AMDGPU: Add SIWholeQuadMode pass

Summary: Whole quad mode is already enabled for pixel shaders that compute derivatives, but it must be suspended for instructions that cause a shader to have side effects (i.e. stores and atomics). This pass addresses the issue by storing the real (initial) live mask in a register, masking EXEC before instructions that require exact execution and (re-)enabling WQM where required. This pass is run before register coalescing so that we can use machine SSA for analysis. The changes in this patch expose a problem with the second machine scheduling pass: target independent instructions like COPY implicitly use EXEC when they operate on VGPRs, but this fact is not encoded in the MIR. This can lead to miscompilation because instructions are moved past changes to EXEC. This patch fixes the problem by adding use-implicit operands to target independent instructions. Some general codegen passes are relaxed to work with such implicit use operands. Reviewers: arsenm, tstellarAMD, mareko Subscribers: MatzeB, arsenm, llvm-commits Differential Revision: http://reviews.llvm.org/D18162 llvm-svn: 263982
llvm · Mar 21, 2016 · 213e87f · 213e87f
1 parent b14f4fd
commit 213e87f
Show file tree

Hide file tree

Showing 10 changed files with 863 additions and 15 deletions.
diff --git a/llvm/lib/Target/AMDGPU/AMDGPU.h b/llvm/lib/Target/AMDGPU/AMDGPU.h
@@ -44,6 +44,7 @@ FunctionPass *createSIFoldOperandsPass();
 FunctionPass *createSILowerI1CopiesPass();
 FunctionPass *createSIShrinkInstructionsPass();
 FunctionPass *createSILoadStoreOptimizerPass(TargetMachine &tm);
+FunctionPass *createSIWholeQuadModePass();
 FunctionPass *createSILowerControlFlowPass();
 FunctionPass *createSIFixControlFlowLiveIntervalsPass();
 FunctionPass *createSIFixSGPRCopiesPass();
@@ -70,6 +71,9 @@ extern char &SILowerI1CopiesID;
 void initializeSILoadStoreOptimizerPass(PassRegistry &);
 extern char &SILoadStoreOptimizerID;
 
+void initializeSIWholeQuadModePass(PassRegistry &);
+extern char &SIWholeQuadModeID;
+
 void initializeSILowerControlFlowPass(PassRegistry &);
 extern char &SILowerControlFlowPassID;
 

diff --git a/llvm/lib/Target/AMDGPU/AMDGPUInstrInfo.h b/llvm/lib/Target/AMDGPU/AMDGPUInstrInfo.h
@@ -62,7 +62,6 @@ class AMDGPUInstrInfo : public AMDGPUGenInstrInfo {
                                int64_t Offset1, int64_t Offset2,
                                unsigned NumLoads) const override;
 
-
   /// \brief Return a target-specific opcode if Opcode is a pseudo instruction.
   /// Return -1 if the target-specific opcode for the pseudo instruction does
   /// not exist. If Opcode is not a pseudo instruction, this is identity.
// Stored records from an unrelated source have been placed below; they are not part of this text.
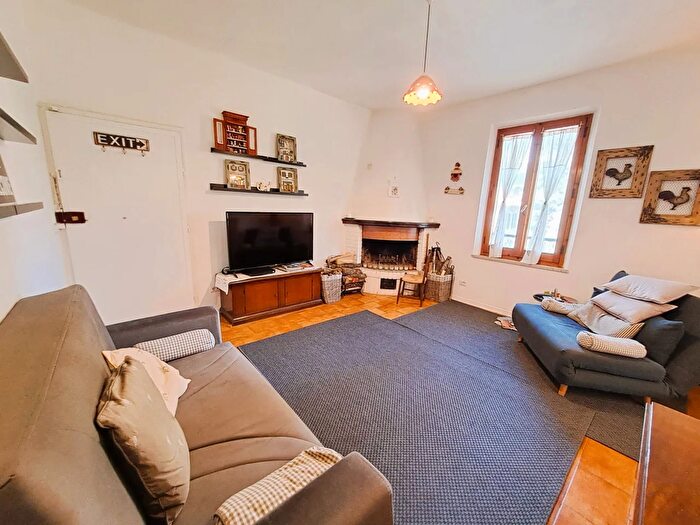 Appartamento trilocale in vendita in Passignano Sul Trasimeno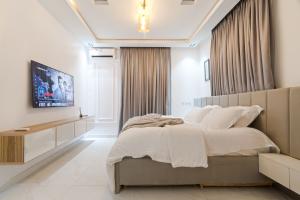 1 bedroom Flat / Apartment for shortlet Chevron Lekki Lagos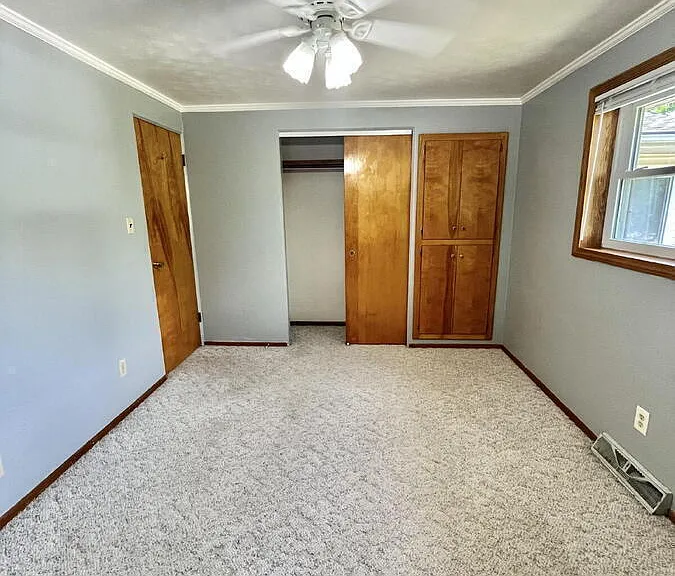 2204 Bainbridge Rd — Photo 28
diff --git a/llvm/lib/Target/AMDGPU/AMDGPUTargetMachine.cpp b/llvm/lib/Target/AMDGPU/AMDGPUTargetMachine.cpp
@@ -57,6 +57,7 @@ extern "C" void LLVMInitializeAMDGPUTarget() {
   initializeSIAnnotateControlFlowPass(*PR);
   initializeSIInsertNopsPass(*PR);
   initializeSIInsertWaitsPass(*PR);
+  initializeSIWholeQuadModePass(*PR);
   initializeSILowerControlFlowPass(*PR);
 }
 
@@ -346,6 +347,7 @@ void GCNPassConfig::addPreRegAlloc() {
     insertPass(&MachineSchedulerID, &RegisterCoalescerID);
   }
   addPass(createSIShrinkInstructionsPass(), false);
+  addPass(createSIWholeQuadModePass());
 }
 
 void GCNPassConfig::addFastRegAlloc(FunctionPass *RegAllocPass) {

diff --git a/llvm/lib/Target/AMDGPU/CMakeLists.txt b/llvm/lib/Target/AMDGPU/CMakeLists.txt
@@ -63,6 +63,7 @@ add_llvm_target(AMDGPUCodeGen
   SIRegisterInfo.cpp
   SIShrinkInstructions.cpp
   SITypeRewriter.cpp
+  SIWholeQuadMode.cpp
   )
 
 add_subdirectory(AsmParser)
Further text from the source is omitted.